Summary of the evidence
Charge (001)
[5]       The complainer, Scott Thompson, resided alone in a one bedroom bungalow in
Boddam, a small village in Aberdeenshire. There is a shop in the village. An ATM is
situated inside the shop. The shop has internal CCTV. On 21 November 2018 the
complainer was at home at 0900 hours when he heard a loud knock at the door. He
answered the door and two males, unknown to the complainer but later identified as the
appellant and Martin Gemmell, walked in uninvited. Both were wearing dark clothing,
joggers and a jacket. Both had their jacket hoods up. The appellant pulled out a large knife.

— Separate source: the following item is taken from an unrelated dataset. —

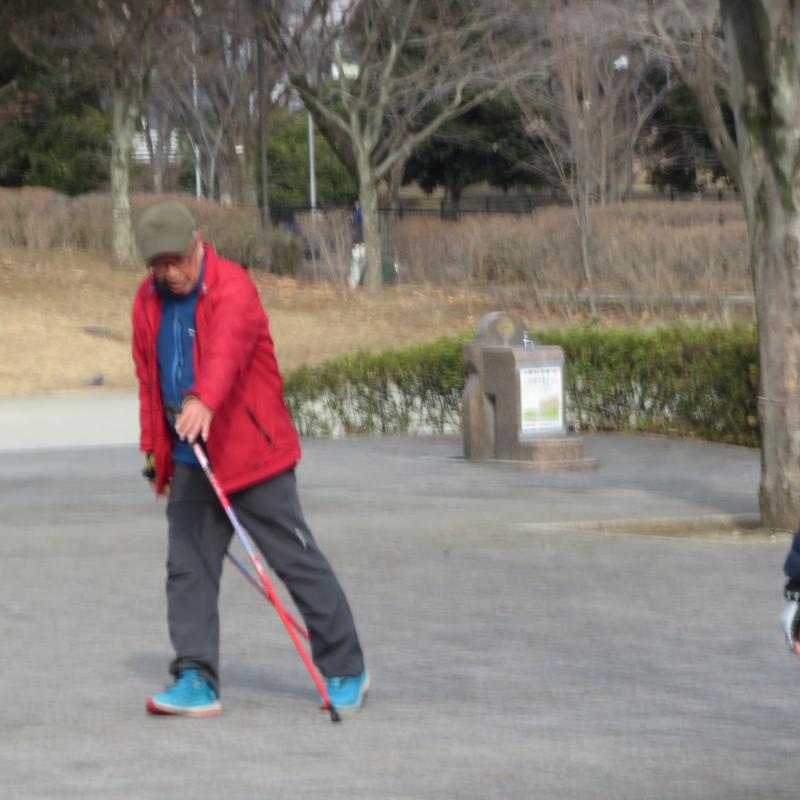 基本歩行の復習（ポールの置く位置）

The complainer stepped back into the living room. He was asked whether he had drugs and
money. The knife was held up to him pointing towards his chest. He said that he did not
have any drugs or money but the two males did not believe him. He was then told to sit,
which he did. Gemmell started to search the house. The appellant stood brandishing the
knife. The two males kept asking the complainer where the drugs and money were kept.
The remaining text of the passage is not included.